Filosofia, ara!
- Type: Magazine
- Founded: December 2015
- Language: Catalan
- ISSN: 2462-3865
- Website: filoara.cat

= Filosofia, ara! =

Catalan academic Journal of philosophy

Filosofia, ara! is a Catalan academic Journal of philosophy

== Description ==
Filosofia, ara! was founded in December 2015 in Catalonia. The Magazine is coordinated by Xavier Serra Besalú and Anna Sarsanedas Darnés, and draws inspiration from the publications Philosophie Magazine and Philosophy Now. It is published twice a year, and it aims primarily at high-school, university and post-university students, teachers, and other people interested in philosophy. The first issue was dedicated to the philosophers included in the syllabus of the History of Philosophy Exam of the Catalan University Entrance Exam in 2015 (Plato, René Descartes, John Locke, John Stuart Mill and Friedrich Nietzsche).
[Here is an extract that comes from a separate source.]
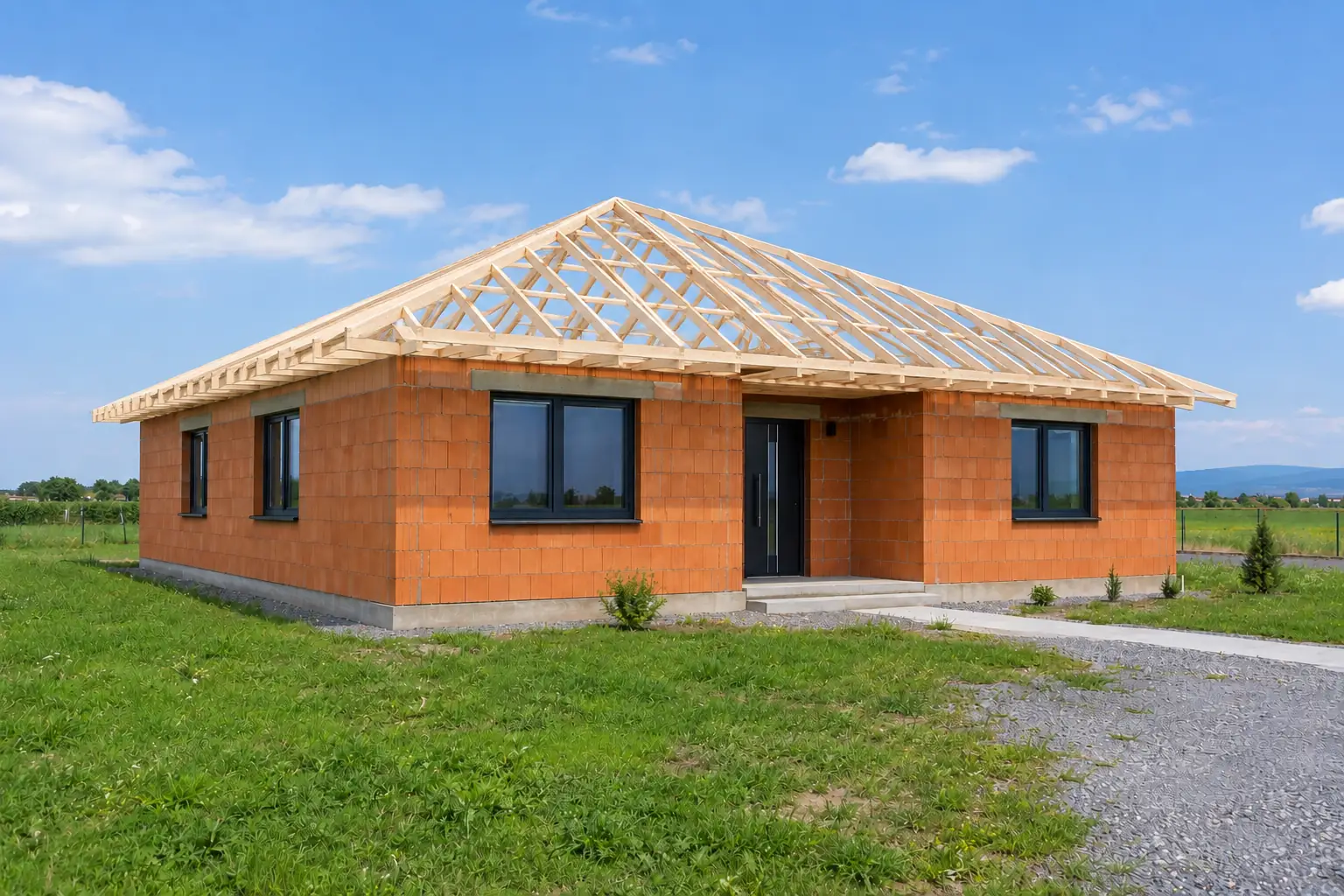Ilustrácia: holý drevený krov na novom bungalove
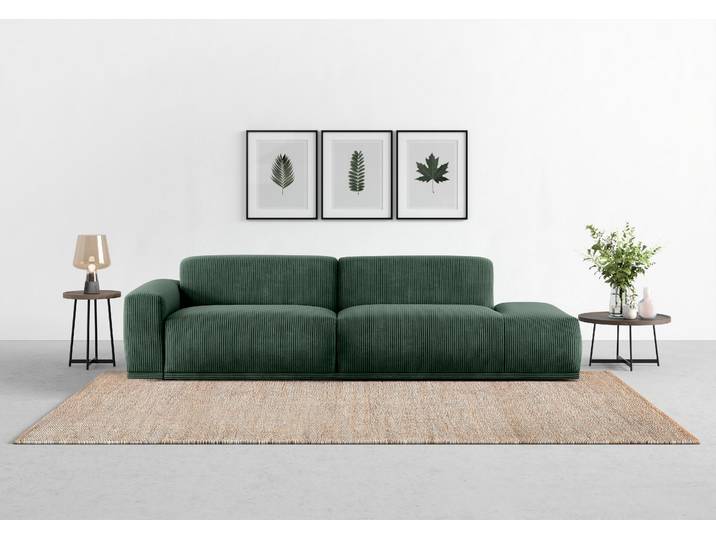 Big-Sofa, 277x107 cm, Breitcord, Grün (Winter Moss), Hochwertige Kaltschaum-Polsterung, Modern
Each issue of the magazine includes a number of articles dedicated to a specific topic. It also includes other sections with general articles, reviews, documentation, translations, accounts of successful educational experiences, an area devoted to young authors (the student's balcony), and a back cover that illustrates the vitality of philosophy in Catalonia.